All pictures are to be omitted while the lines starting at the line with "Black Golden Jhumka" and ending at the line with "hinter der Garage Einfamilienhaus Oberursel" in the material below are retyped exactly, both ends included.

* Data provided *

################

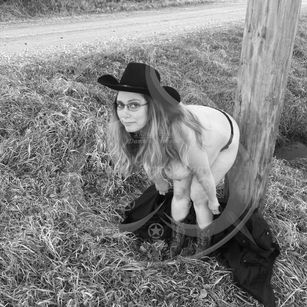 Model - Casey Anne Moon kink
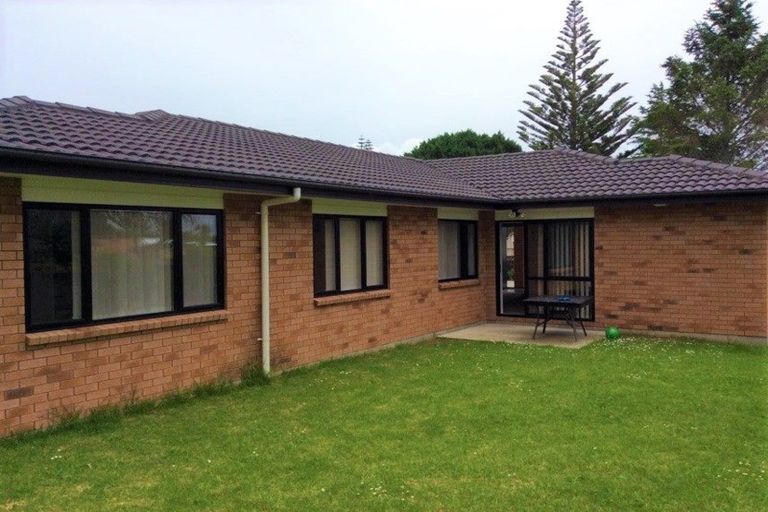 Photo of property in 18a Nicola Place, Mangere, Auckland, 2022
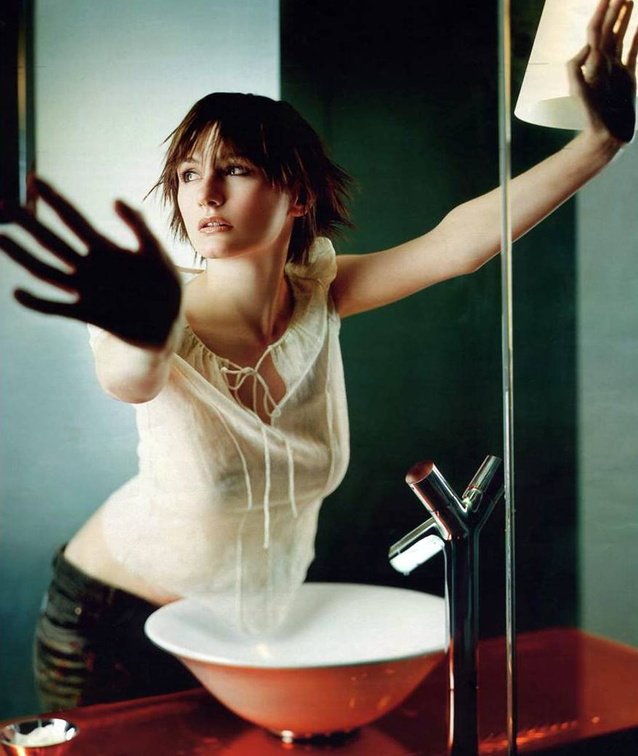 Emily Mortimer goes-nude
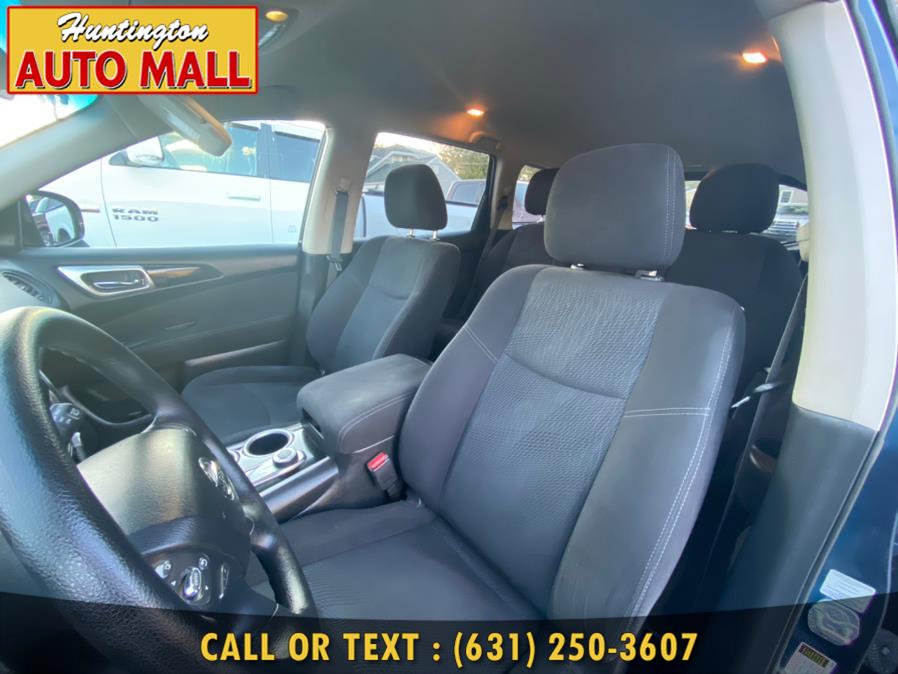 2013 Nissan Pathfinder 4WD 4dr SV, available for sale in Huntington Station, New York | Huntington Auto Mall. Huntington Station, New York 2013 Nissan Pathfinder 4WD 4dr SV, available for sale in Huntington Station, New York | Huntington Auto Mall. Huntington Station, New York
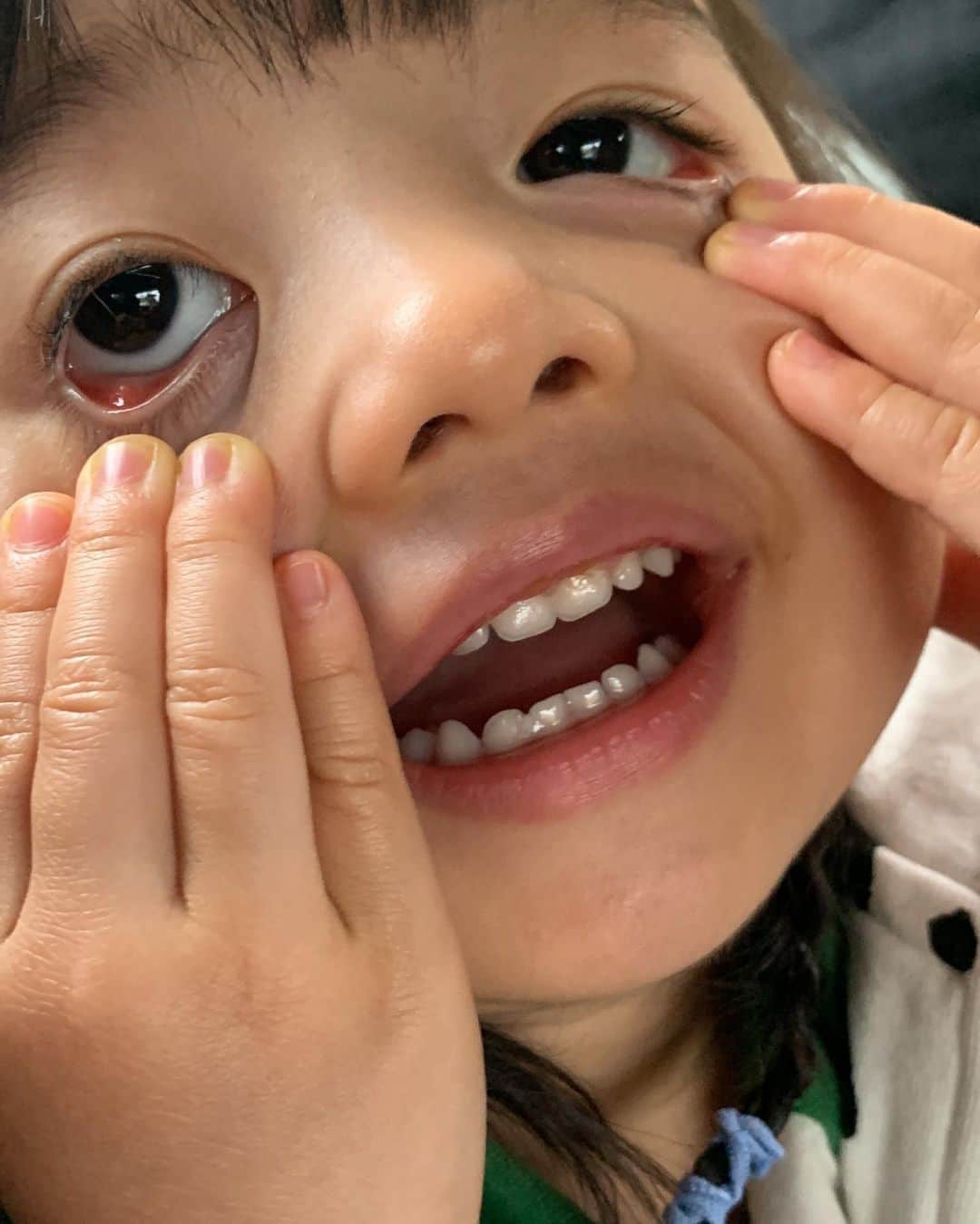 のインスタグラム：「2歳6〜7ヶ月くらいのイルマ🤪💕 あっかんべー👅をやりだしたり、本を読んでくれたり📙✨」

################

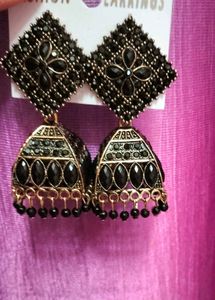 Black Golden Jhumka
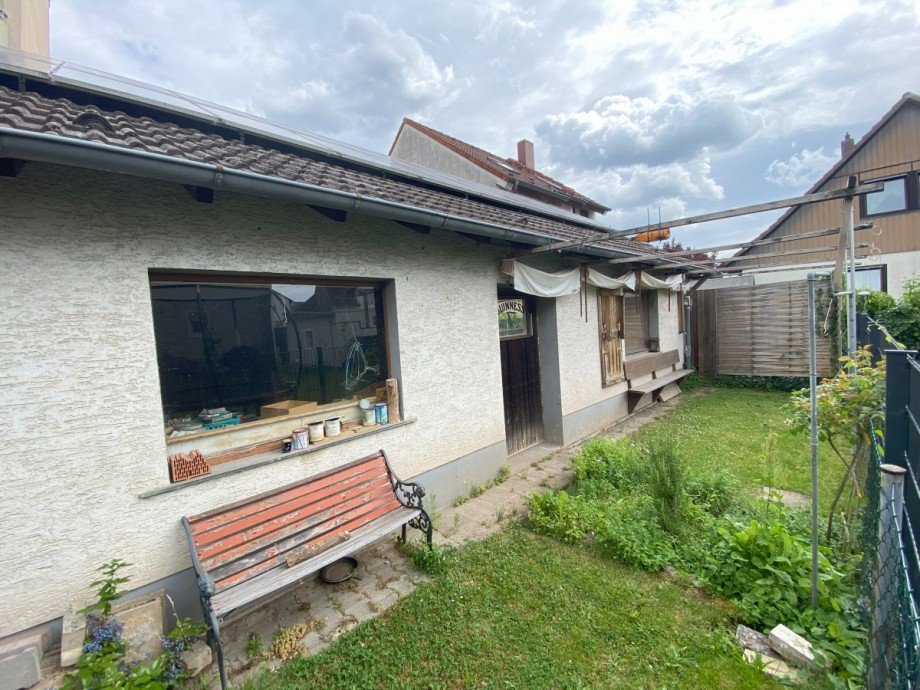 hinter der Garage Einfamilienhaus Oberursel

################

* Result of this task *
 Black Golden Jhumka
 hinter der Garage Einfamilienhaus Oberursel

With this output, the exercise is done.